Anesthesia for MH-susceptible patients: Avoid triggers; use TIVA (propofol + remifentanil) + non-depolarizing NMBAs; flush anesthesia machine (purge vapor lines, use fresh gas flow >10 L/min for 10 min, change circuit and CO2 absorbent)
B. Pulmonary Aspiration
- Incidence: 1 in 2000-3000 cases
- Risk factors: full stomach, emergency surgery, obesity, pregnancy, opioids, DM, GERD, bowel obstruction
- Can occur during induction OR emergence
- Consequences: chemical pneumonitis (Mendelson syndrome) → aspiration pneumonia → ARDS
- Prevention: NPO guidelines, RSI, cricoid pressure, awake intubation
C. Postoperative Nausea and Vomiting (PONV)
Risk factors (Apfel score - 1 point each):
- Female sex
- Non-smoker
- History of PONV/motion sickness
- Postoperative opioid use
0-1 risk factors = low risk; ≥3 = high risk (>60%)

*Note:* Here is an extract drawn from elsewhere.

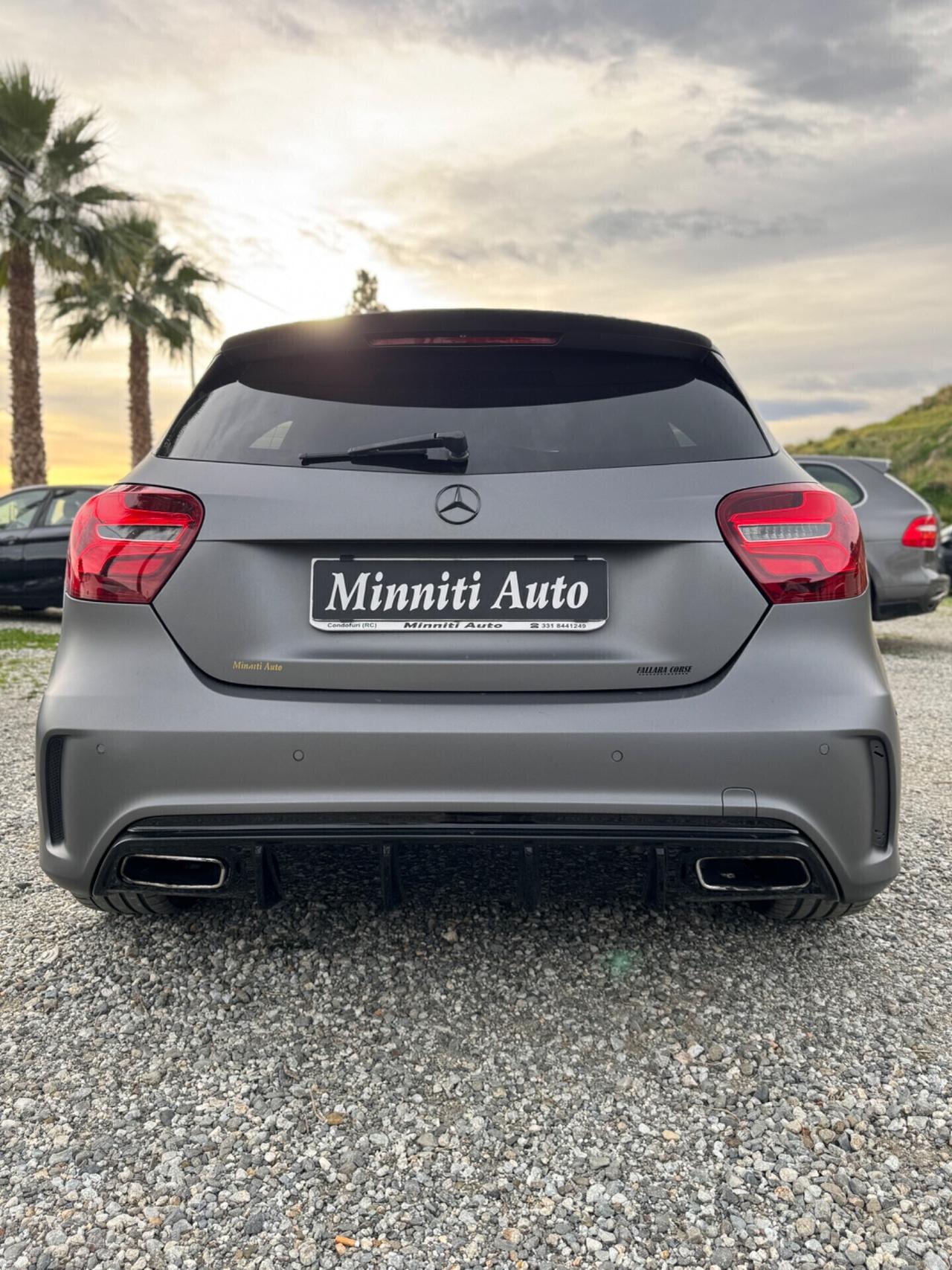 Mercedes-benz A 45 AMG A 45 AMG 4Matic Automatic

Prophylaxis: Ondansetron (5-HT3 antagonist), dexamethasone, droperidol (D2 antagonist), scopolamine patch; use TIVA with propofol (antiemetic); minimize opioids
Treatment: Ondansetron 4 mg IV; rescue with different class than prophylactic agent
D. Postoperative Cognitive Dysfunction (POCD) and Delirium
- More common in elderly patients
- Associated with deeper levels of anesthesia (BIS monitoring may help)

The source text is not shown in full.